Pictures with short captions:
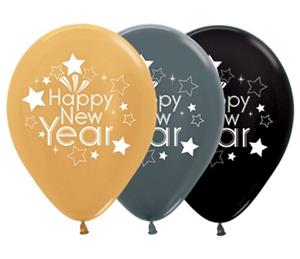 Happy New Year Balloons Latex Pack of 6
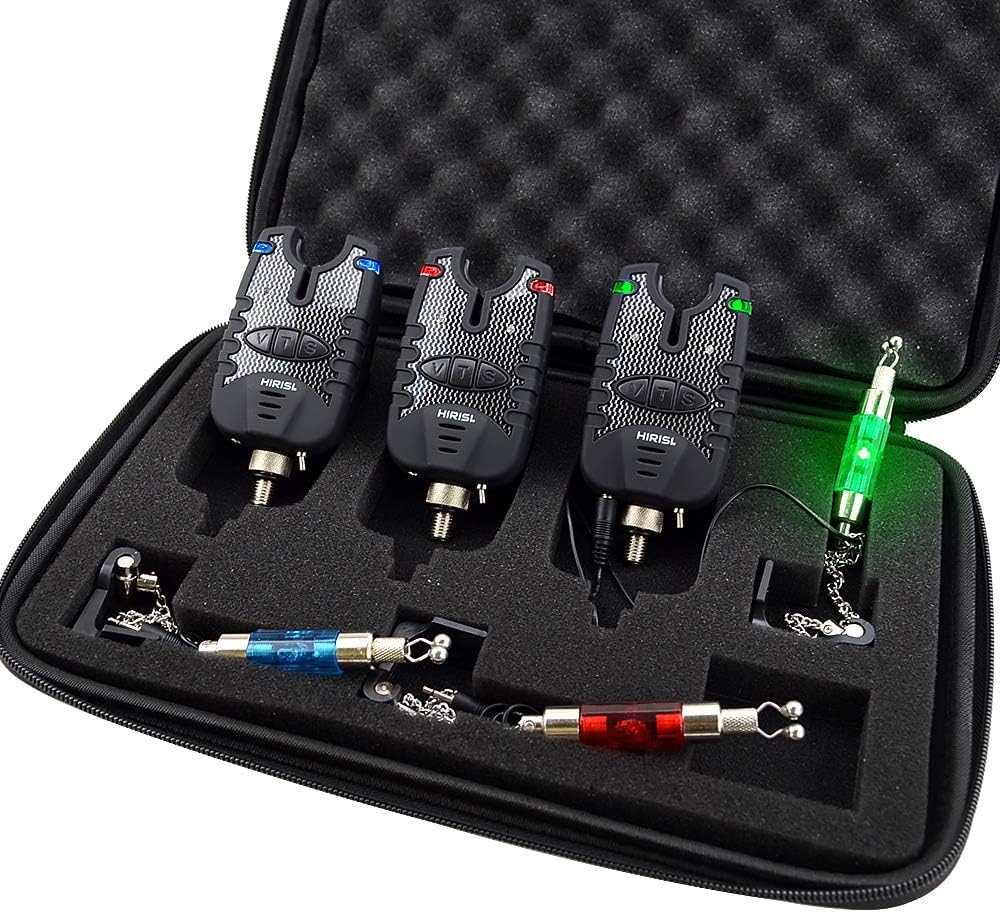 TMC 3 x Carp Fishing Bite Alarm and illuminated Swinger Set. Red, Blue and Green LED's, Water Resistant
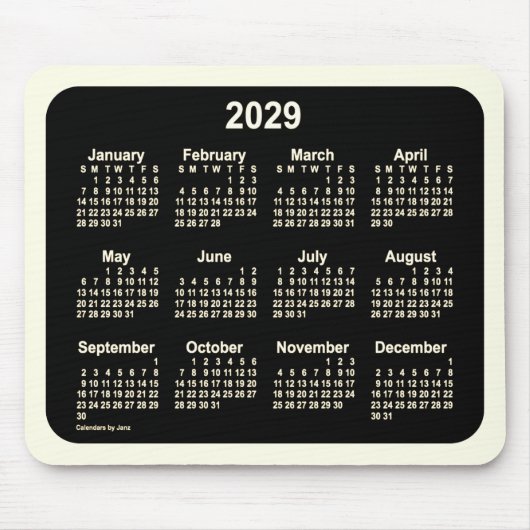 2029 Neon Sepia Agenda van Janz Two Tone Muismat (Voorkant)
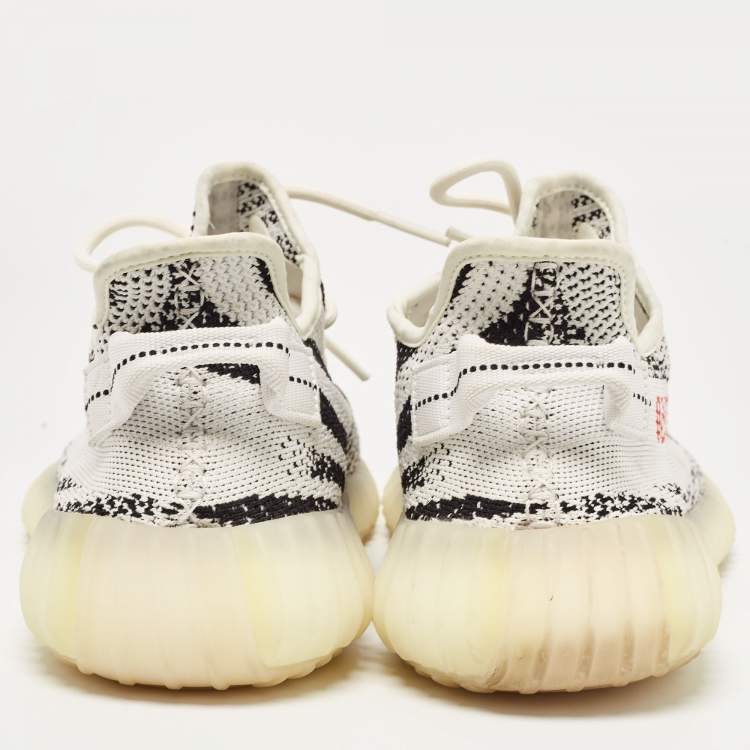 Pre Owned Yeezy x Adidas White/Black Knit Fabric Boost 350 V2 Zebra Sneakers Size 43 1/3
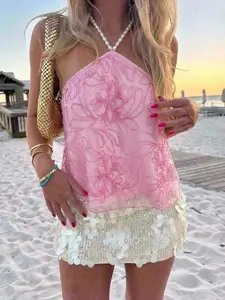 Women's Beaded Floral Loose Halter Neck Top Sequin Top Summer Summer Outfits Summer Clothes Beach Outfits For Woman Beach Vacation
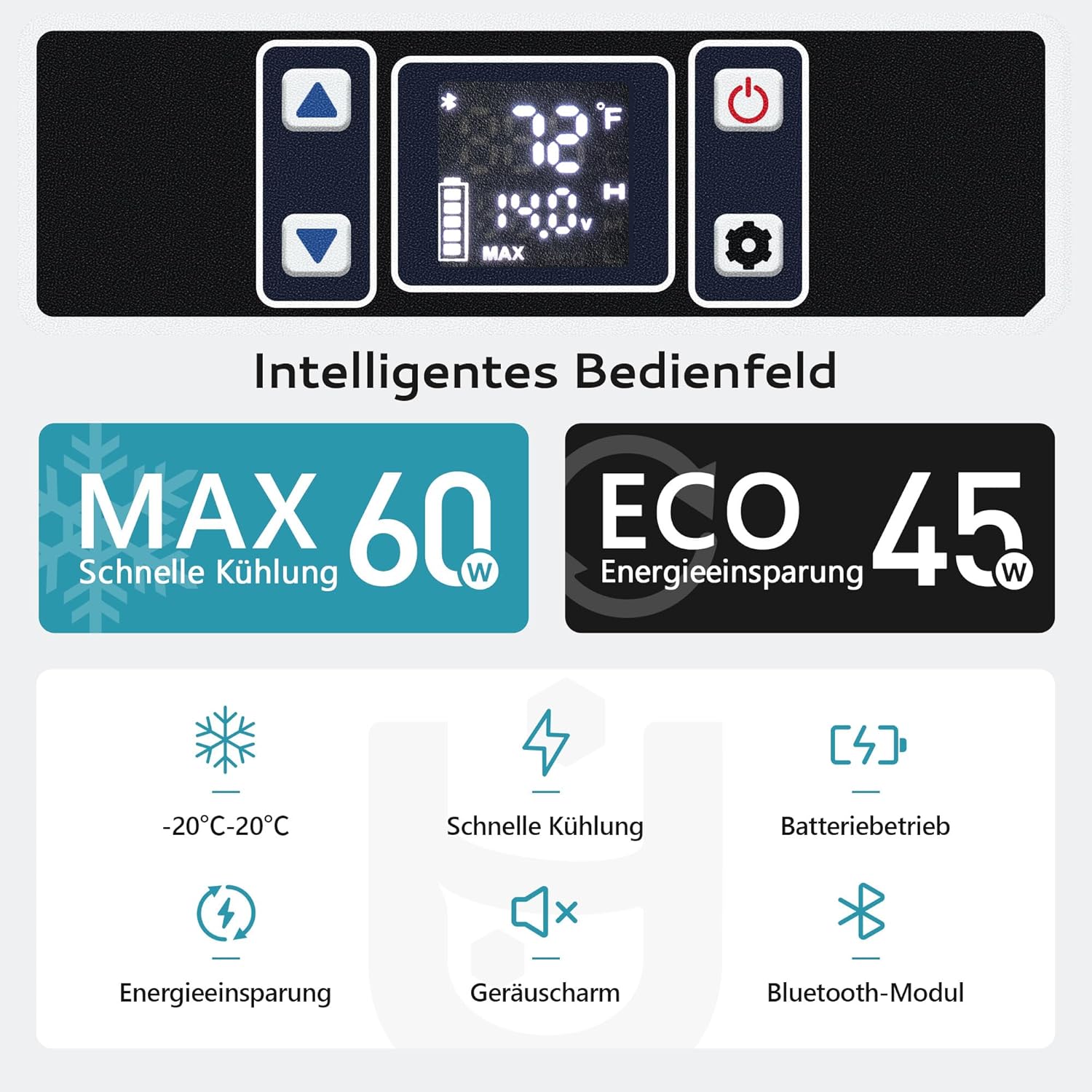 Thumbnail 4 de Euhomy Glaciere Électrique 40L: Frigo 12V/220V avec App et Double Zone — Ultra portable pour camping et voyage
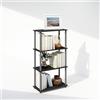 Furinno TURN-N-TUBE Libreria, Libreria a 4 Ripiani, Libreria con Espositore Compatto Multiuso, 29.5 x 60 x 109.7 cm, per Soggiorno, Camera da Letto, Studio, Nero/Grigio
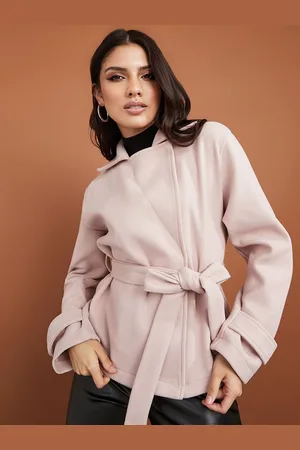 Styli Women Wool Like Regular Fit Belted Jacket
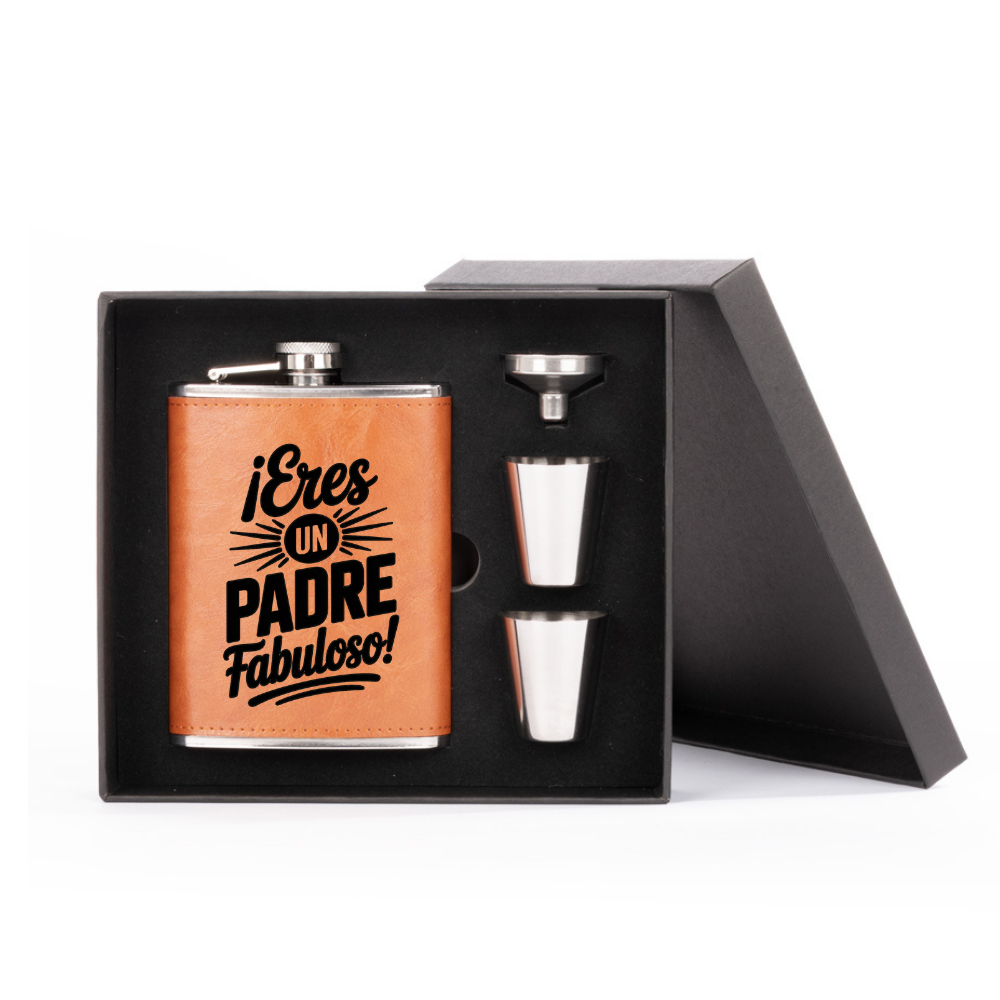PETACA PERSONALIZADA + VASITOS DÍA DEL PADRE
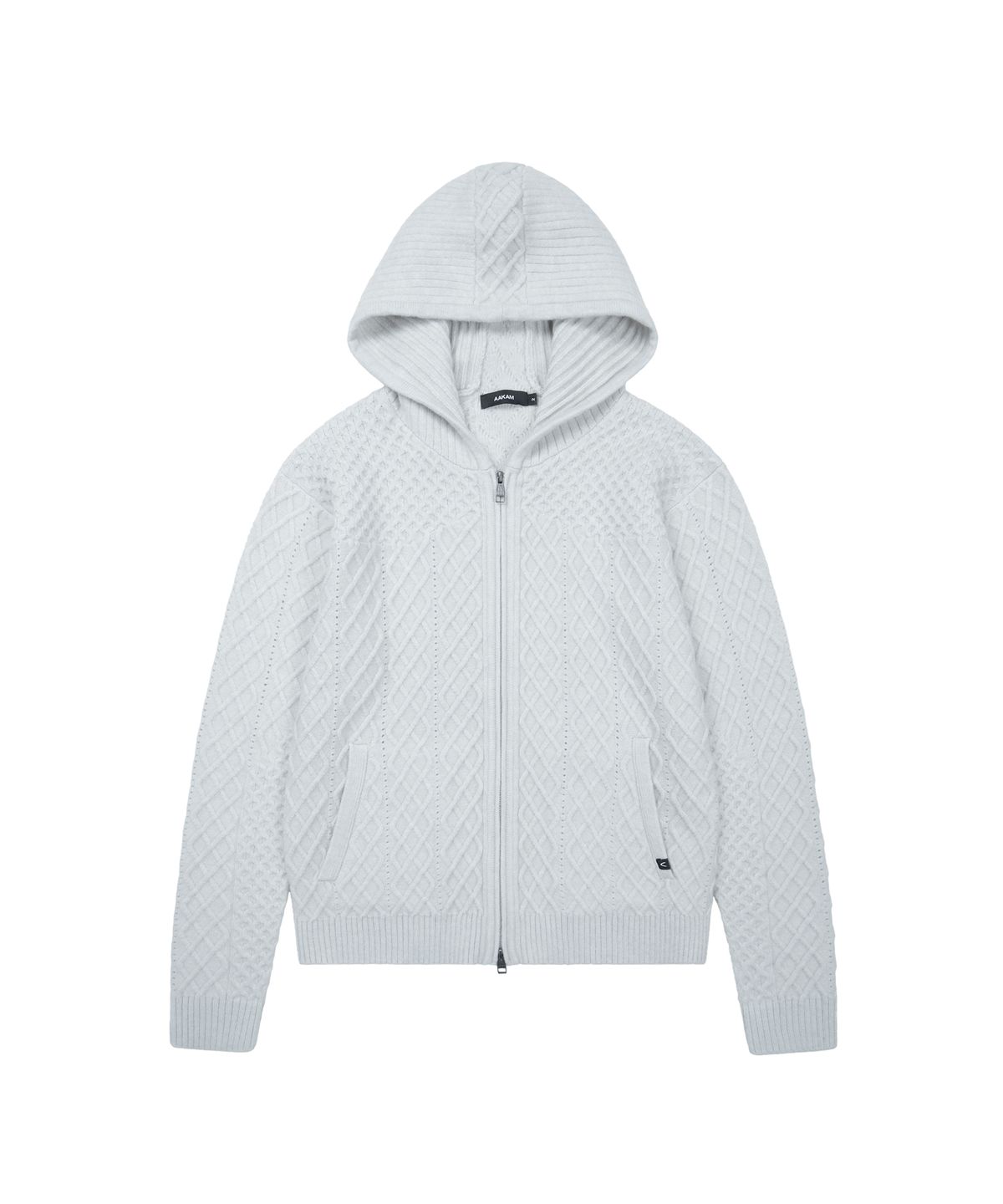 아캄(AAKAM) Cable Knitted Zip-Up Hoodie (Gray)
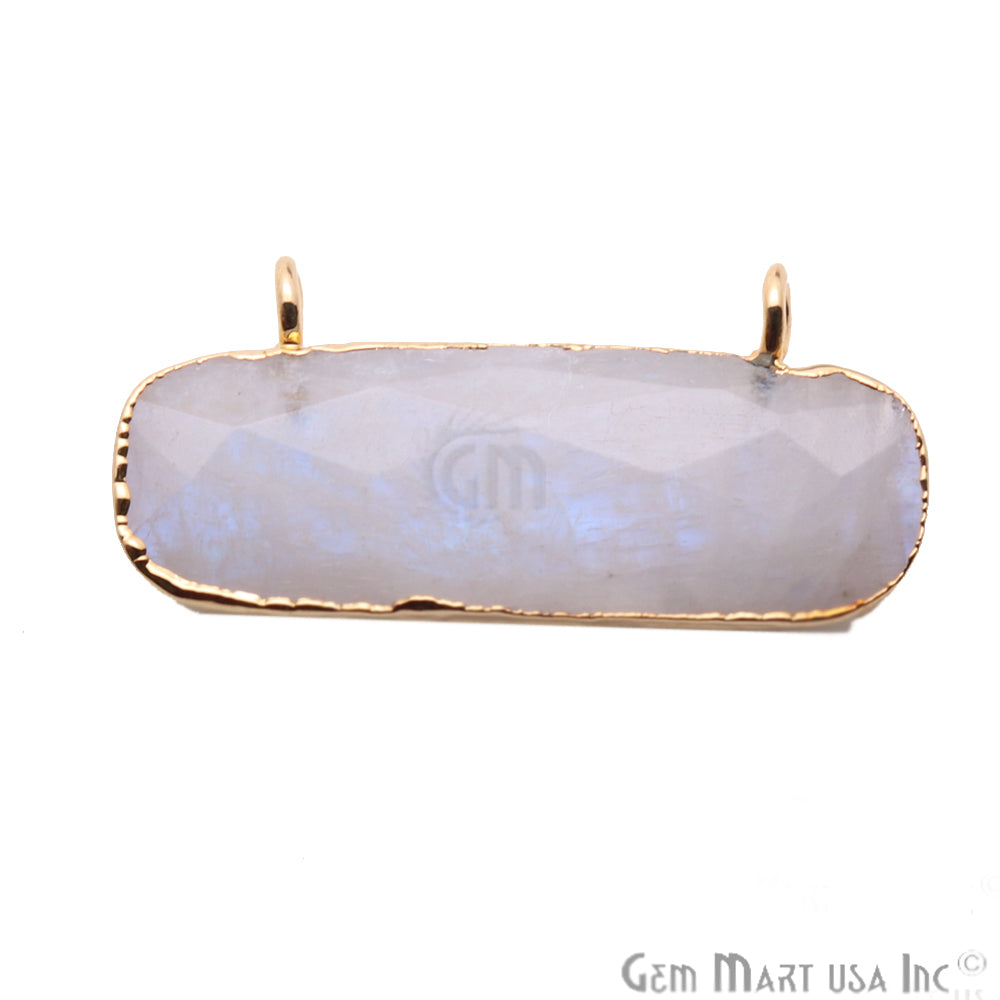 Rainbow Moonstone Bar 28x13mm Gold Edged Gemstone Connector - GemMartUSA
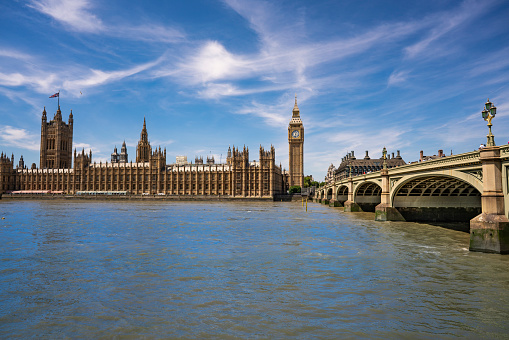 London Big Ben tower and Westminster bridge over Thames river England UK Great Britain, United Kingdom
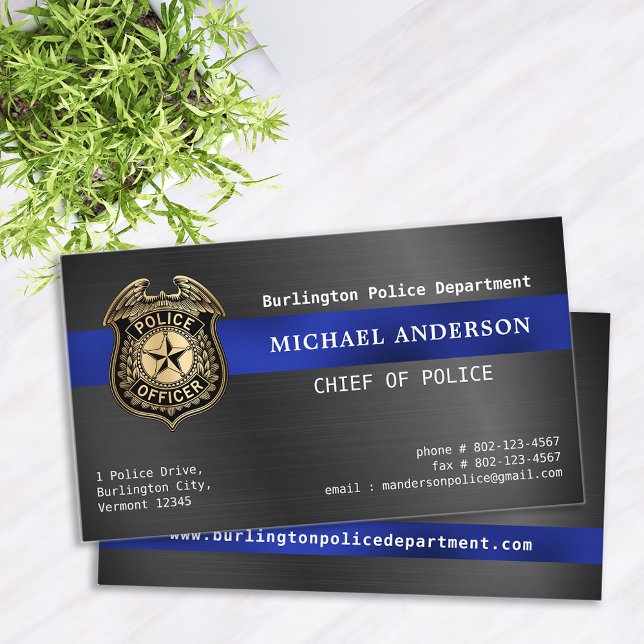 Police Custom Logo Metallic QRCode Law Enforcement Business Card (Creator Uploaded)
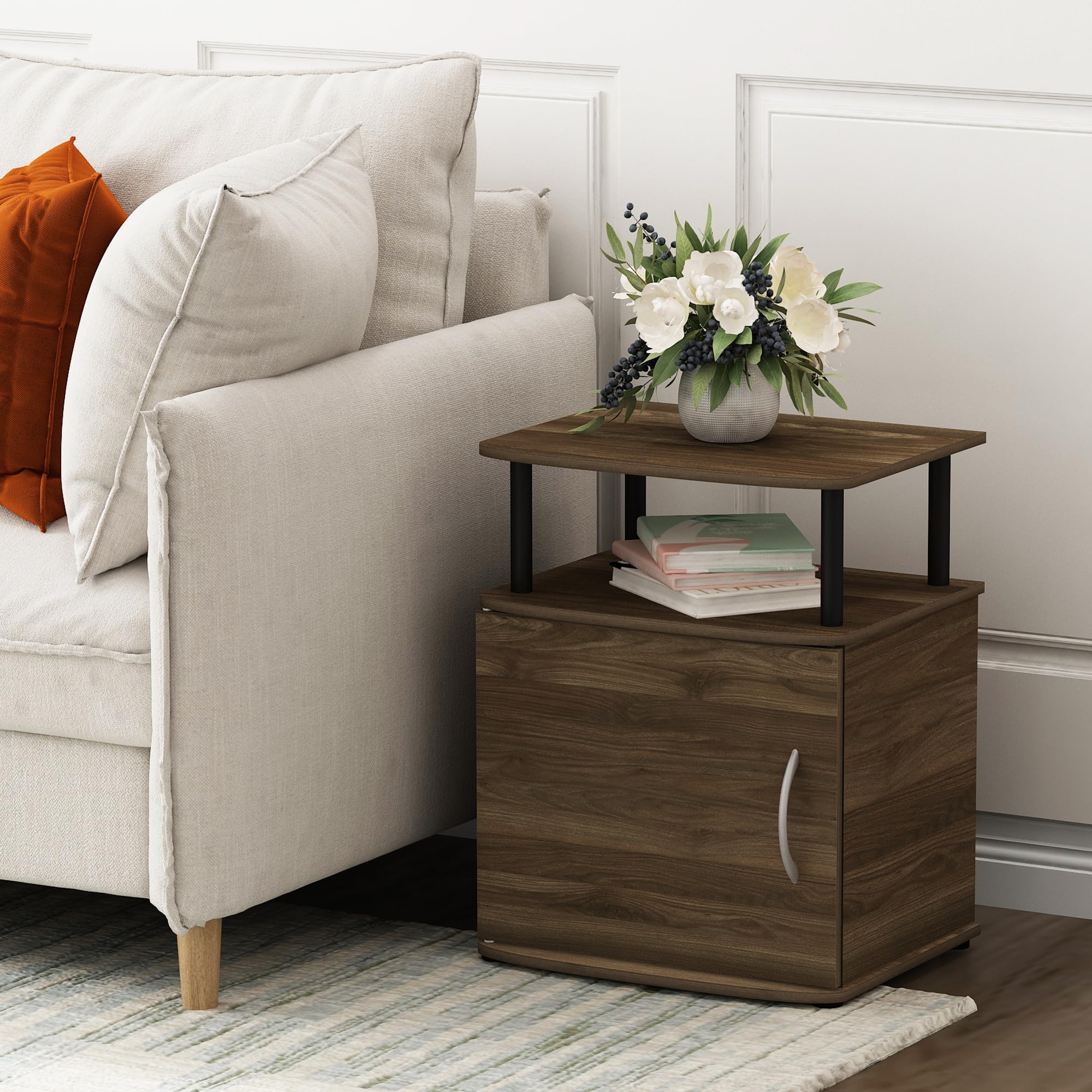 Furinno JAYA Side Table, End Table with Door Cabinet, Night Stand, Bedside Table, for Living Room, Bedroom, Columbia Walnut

ACTIVITY. Look above for the line containing "London Big Ben", then retype it and each line after it to the end of the records, exactly and without pictures.

PROBLEM SOLUTION.
 London Big Ben tower and Westminster bridge over Thames river England UK Great Britain, United Kingdom
 Police Custom Logo Metallic QRCode Law Enforcement Business Card (Creator Uploaded)
 Furinno JAYA Side Table, End Table with Door Cabinet, Night Stand, Bedside Table, for Living Room, Bedroom, Columbia Walnut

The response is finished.